There has been a notable breakthrough on climate change at a meeting of the world's biggest economies - the G20 summit in Rome - with a statement in the communiqué which pledges they will take further action to formulate, implement, update and enhance commitments to reduce emissions of greenhouse gases “ahead” of 2030.

According to an official, this sets up the COP26 climate summit in Glasgow “to deliver a short term acceleration [in greenhouse gas emissions] through the negotiations”.

Several officials tell me that for them this is a much better G20 outcome than they expected even yesterday.

Which may tell you something about the poverty of ambition of world leaders when it comes to climate change.

And it gives a following wind to the idea I discussed yesterday that this COP may usher in a process for nationally determined contributions (NDCs) to reduce production of methane and CO2 being negotiated every two or three years rather than every five, as at present.
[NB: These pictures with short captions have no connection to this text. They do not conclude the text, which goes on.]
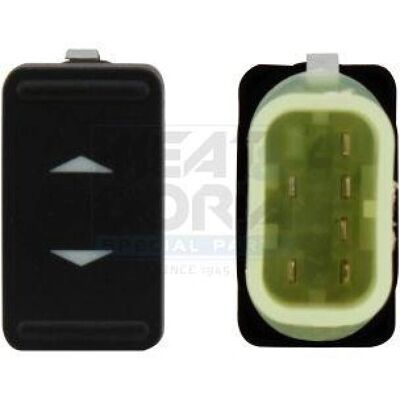 Meat & Doria Model 26189 - Window Regulator Switch Meat & Doria Model 26189 - Window Regulator Switch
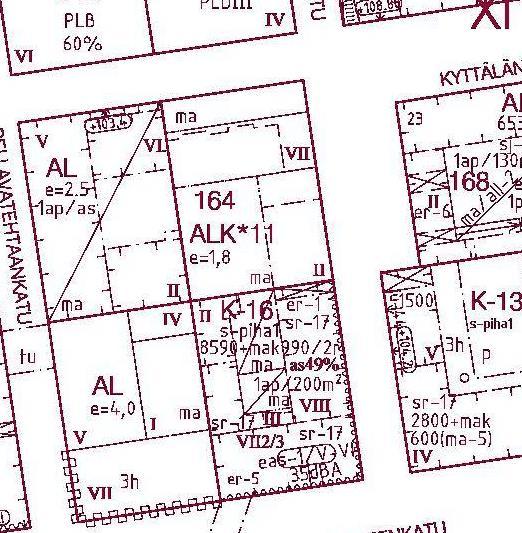 Lasten leikkipaikan nettopinta-alan tulee olla vähintään 2 m² asuntoa kohti, ei kuitenkaan vähempää kuin 25 m².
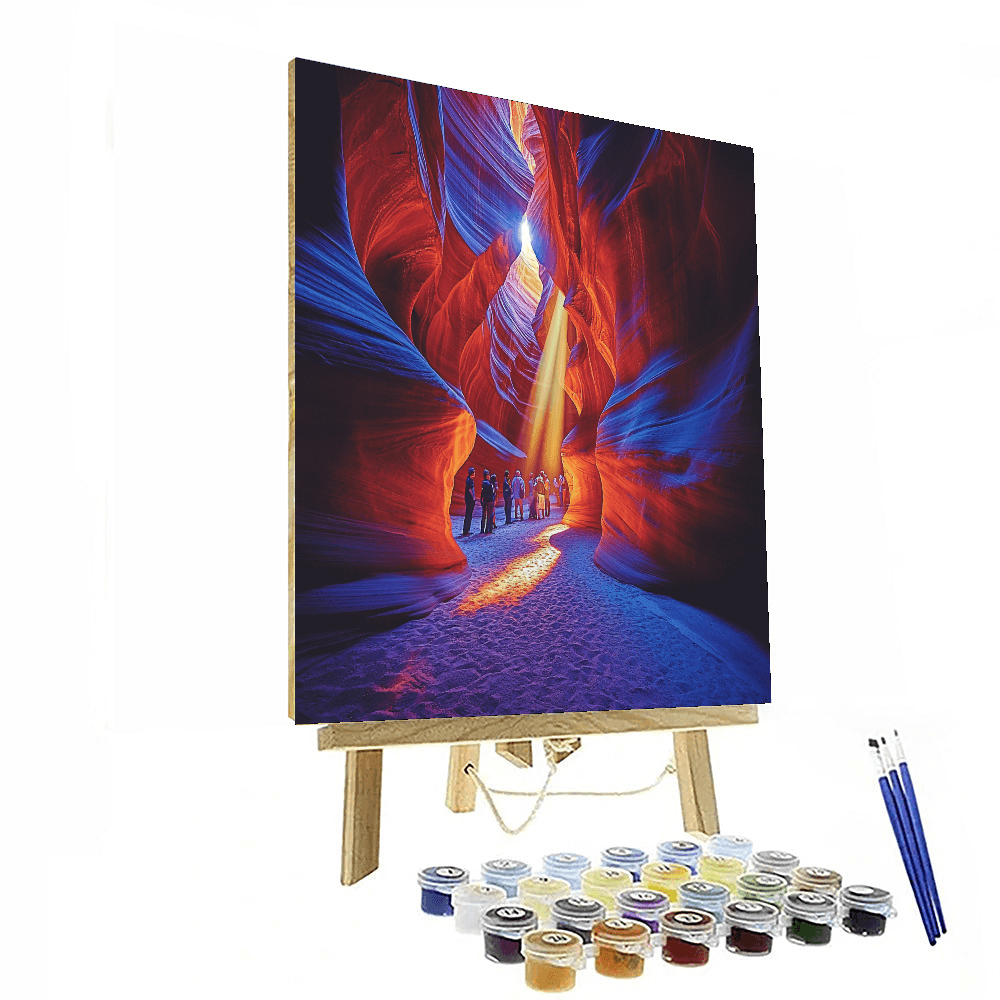 Antelope Canyon - Page Painting Number Kit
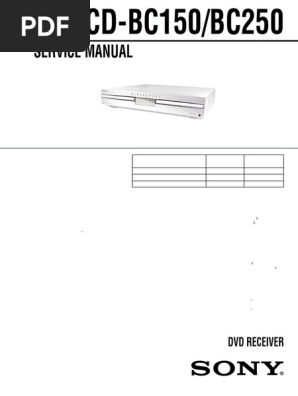 HCD BC250 | PDF | Electromagnetism | Electronic Engineering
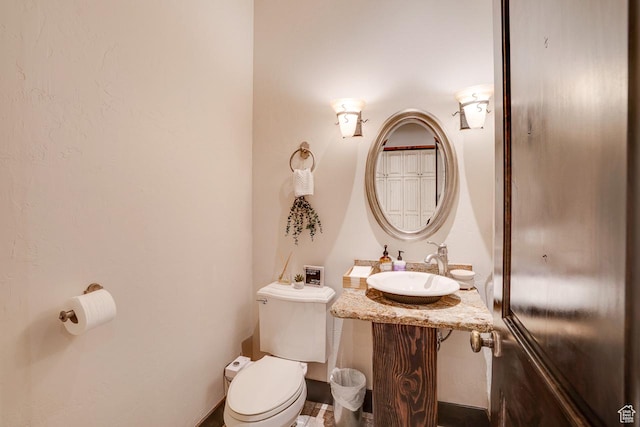 1307 N Dutch Highland Dr, Midway, UT 84049 - bathroom featuring a sink and toilet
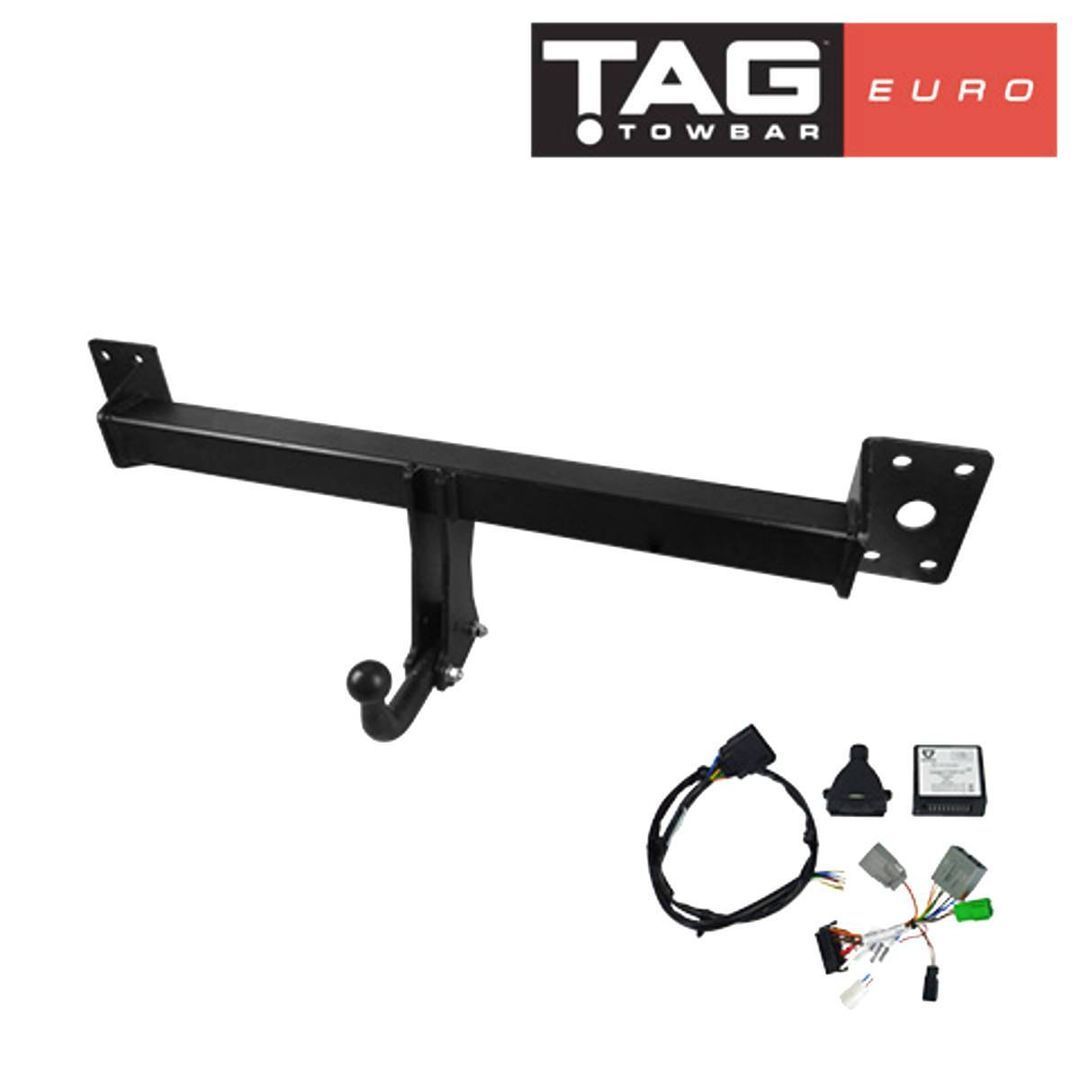 TAG Euro - Towbar Kit To Suit Volvo V70 P80_ (1997 - 2000)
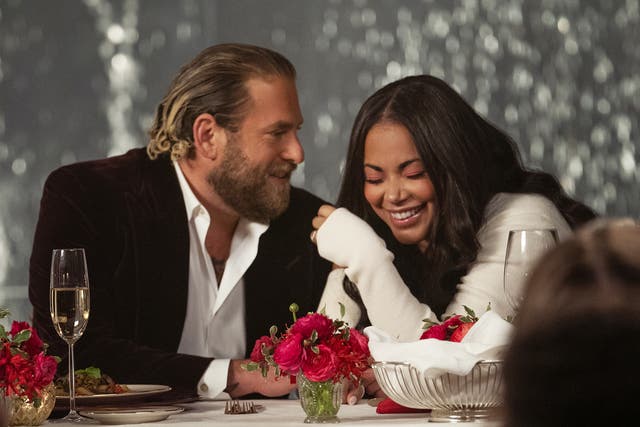 <p>Jonah Hill and Lauren London in ‘You People’ </p>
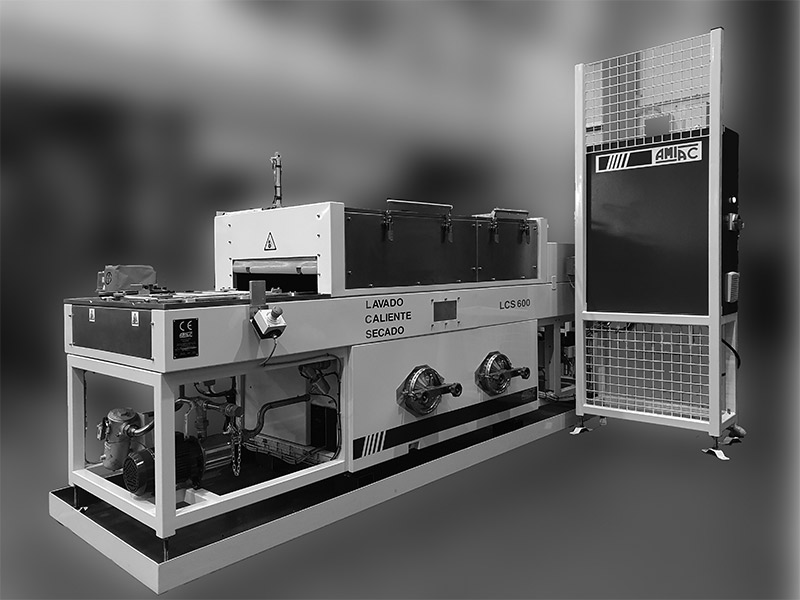 Lavadora gran formato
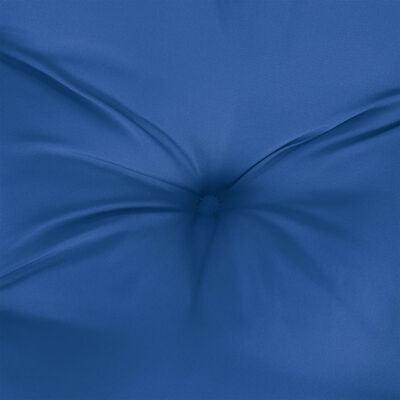 vidaXL Almofadão p/ banco de jardim 100x50x7 cm tecido oxford azul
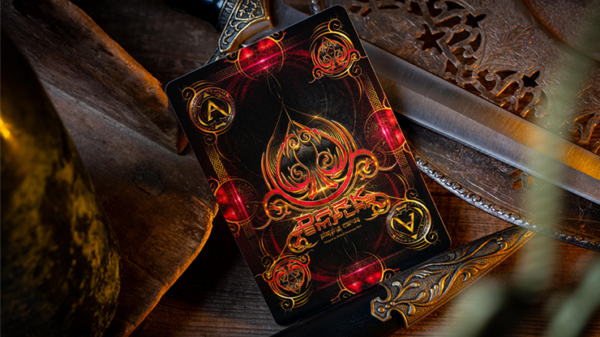 Limited Edition Bicycle Dark Templar Playing Cards - Image 6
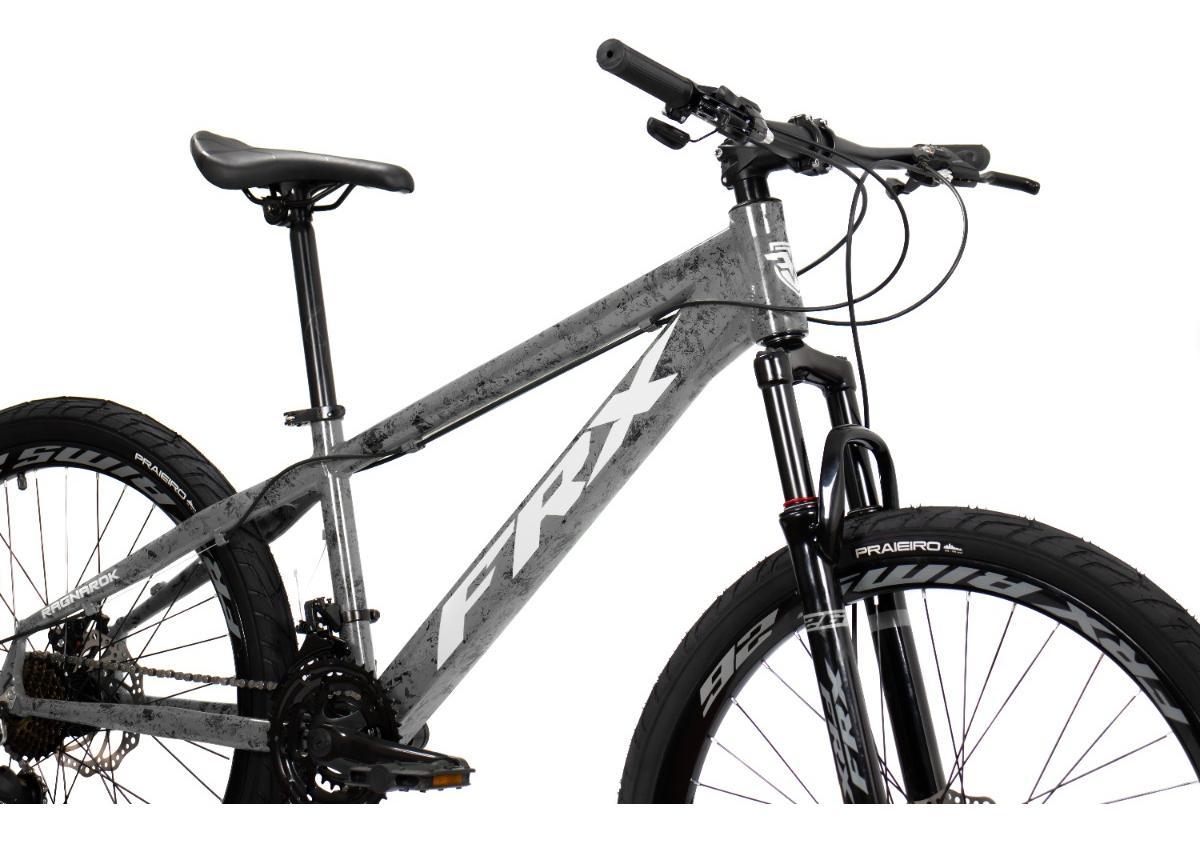 Miniatura Bicicleta Frx Ragnarok Aro 26 Adulto Freeride Gray 14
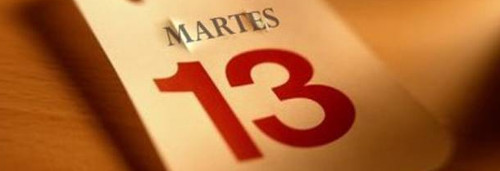 Día Martes, ni te cases ni te embarques
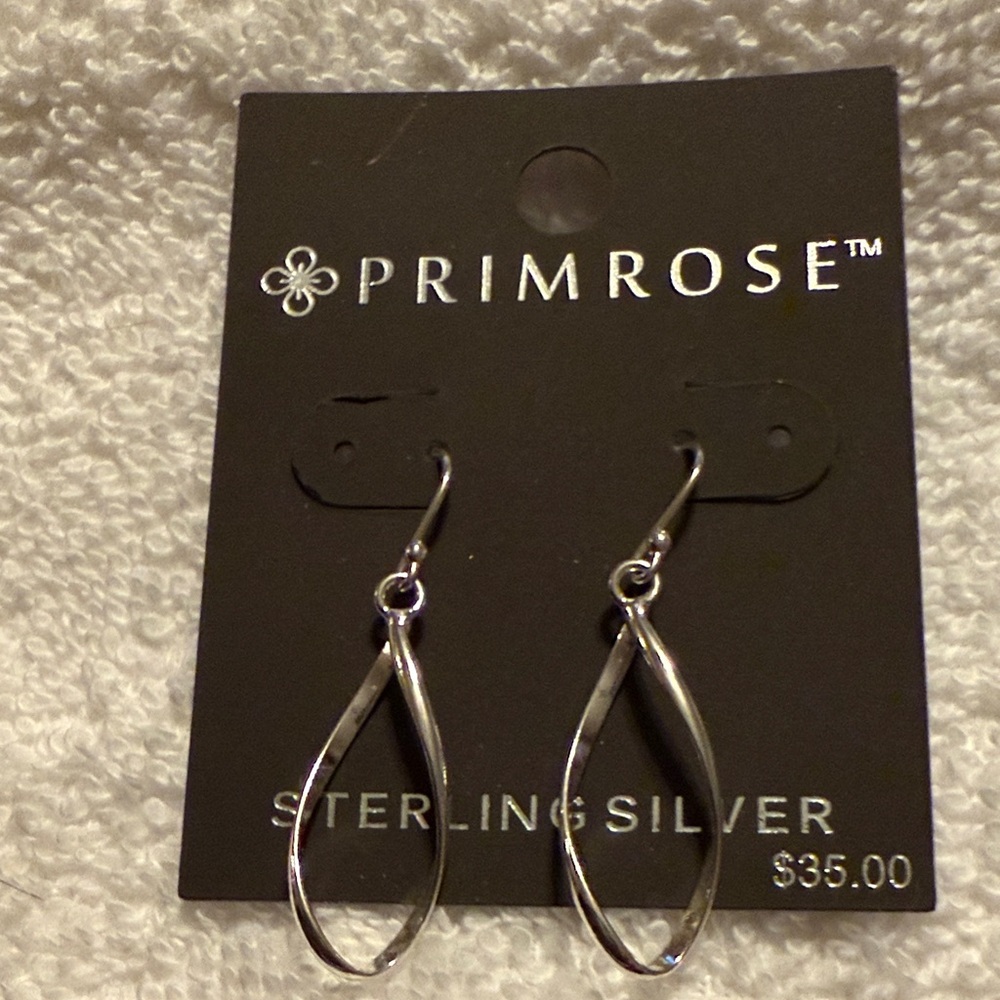 Sterling Silver Earrings. NWT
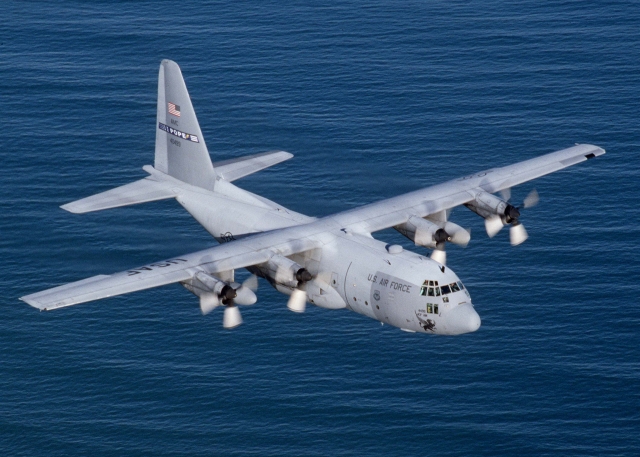 Самолёт C-130 Hercules 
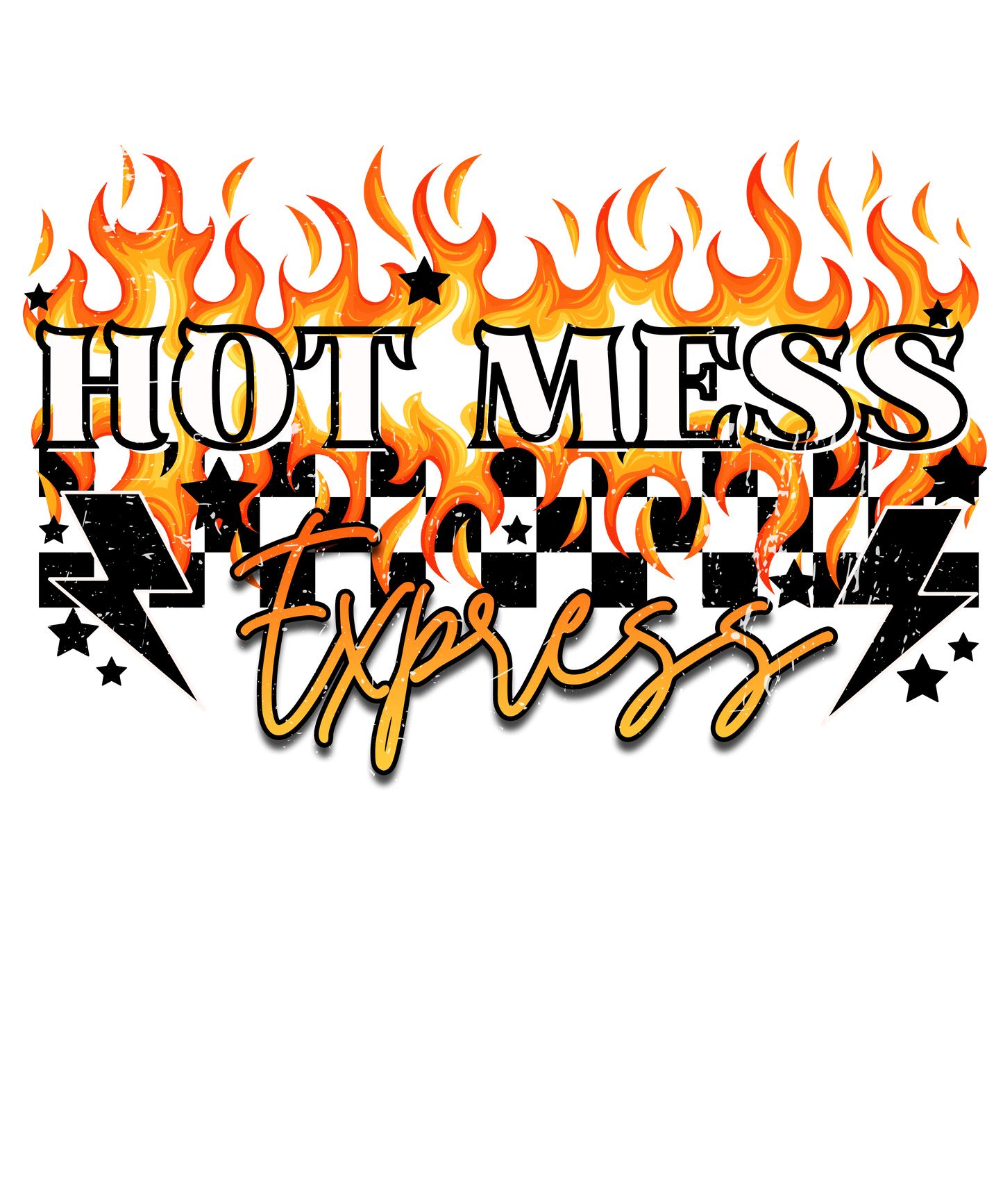 Hot Mess Express MaMa Logo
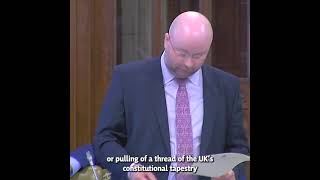 Abolish the House of Lords  Patrick Grady  6 July 2023 [upl. by Oiziruam]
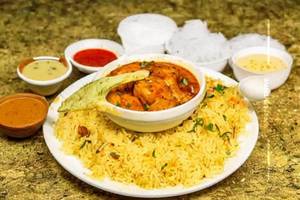 Chicken Cocktail Rice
There is also relief from these officials that the whole of the G20 has endorsed a target for “net zero” - when the amount of greenhouse gases produced are the same as those absorbed from the atmosphere - no net emissions of greenhouse gases into the atmosphere - from around the middle of the century, and that no G20 member will finance new coal power stations outside their own country.

World leaders at Rome’s Trevi fountain Credit: Gregorio Borgia/AP

Climate campaigners will see these promises as the unambiguous minimum needed.

But one official involved in the talks says last week “a good number of G20 members” were refusing to agree even these limited climate-protecting measures, including on international coal finance.

And another said: “this delivers a lot more than we had thought even 24 hours ago”.

The COP26 climate conference - what you need to know

What is COP26? When and where will it be?

Each year, the United Nations Framework Convention on Climate Change (UNFCCC) meets at what is called the Conference of the Parties (abbreviated as COP) to discuss the world's progress on climate change and how to tackle it.

COP26 is the 26th United Nations Climate Change Conference of the Parties summit which will be held in Glasgow from 31 October to 12 November.

Who is going?

Leaders of the 197 countries that signed the United Nations Framework Convention on Climate Change (UNFCCC) – a treaty that came into force in 1994 - are invited to the summit.

These are some of the world leaders that will be attending COP26:

  • US President Joe Biden, climate envoy John Kerry, climate adviser and former Environmental Protection Agency Administrator Gina McCarthy, and 10 other US cabinet officials.

  • Australia's Prime Minister Scott Morrison. In the days leading up to COP26, Mr Morrison committed Australia to a target of net zero carbon emissions by 2050.

Prince Charles, Prince William, the Duchess of Cornwall and the Duchess of Cambridge are also attending. The Queen has withdrawn from visiting after being advised by her doctors to rest - she will address the conference virtually instead.

China's President Xi Jinping, Russia's President Vladimir Putin, and President Jair Bolsonaro of Brazil are among the leaders that have decided not to travel to Glasgow.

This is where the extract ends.